No ano passado, também num domingo de manhã, entrei em Silves pelo lado do Palácio de Justiça e do cemitério, rodando na direcção da praça do Município. E logo senti que a população, por mais dispersa que fosse surgindo, parecia, isso sim, ter-se evadido da cidade: não encontrei um único ser humano (aliás nem cães nem gatos), desde a Cruz de Portugal até ao número 48 da Rua 25 de Abril.
Durante aquele memorável dia, mesmo a outras horas, e apesar dos sinos da igreja, os passos que fui gastando pelas calçadas muito degradadas e pelos granitos difíceis de pisar, cumpriram um passeio nostálgico, sem gente à vista, imagem quase mítica da decadência e da desertificação do país. E é verdade que isso se verifica em muitas regiões de um interior, quilómetros sobre quilómetros.
Dias mais tarde, encontrando-me finalmente com um amigo da minha geração, decidindo com ele beber um café numa esplanada vazia, dei-lhe conta da minha perturbação relativamente à cidade. Ele começou a rir em gargalhadas redondas. Perguntei-lhe qual era a graça. O homem tornou-se sério e disse: «Tens razão. Não é caso para rir. Talvez mais próximo para se ficar triste. É verdade que a cidade foi muito abandonada por diversas emigrações, as pessoas envelheceram, deixam-se ficar em casa.
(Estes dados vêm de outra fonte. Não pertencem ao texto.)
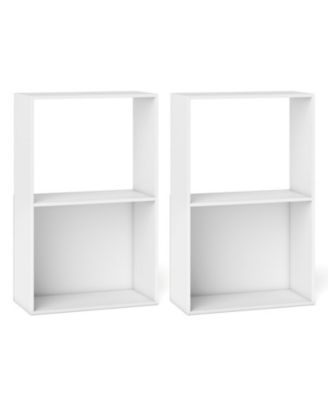 Set of 2 3-Tier Freestanding Display Bookshelves with Open Storage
Mas imagina que precisas de resolver um problema no Tribunal ou tens que procurar um amigo na zona histórica, perto do castelo, ou ainda que precisas de fazer uma deslocação até um centro de vendas, tão longe da tua casa como o Tribunal. E tu vives, aliás desde há muito, junto das Escolas antigas.
Se não tivesses carro nem táxis à disposição, e atendendo à tua idade, o que fazias?
Fiquei pasmado. Nunca tinha pensado na questão nesta perspectiva.
Disse: «Não fazia nada. Ou chamava os bombeiros.»
«Aí tens o deserto. Não é da contemporaneidade, nem de estruturas urbanas com tais configurações. Silves precisa, urgentemente (até pelo turismo), de três ou quatro sequências de transportes de reduzida escala, eléctricos, com paragens fixas e zonas facultativas, rodando por toda a via central e avenida marginal, além de outros que façam algo de semelhante, da baixa para norte, até ao castelo, e voltando em bolsa até ao parque sul, de estacionamento. Sem isto, todas as mortes sedentarizam tudo.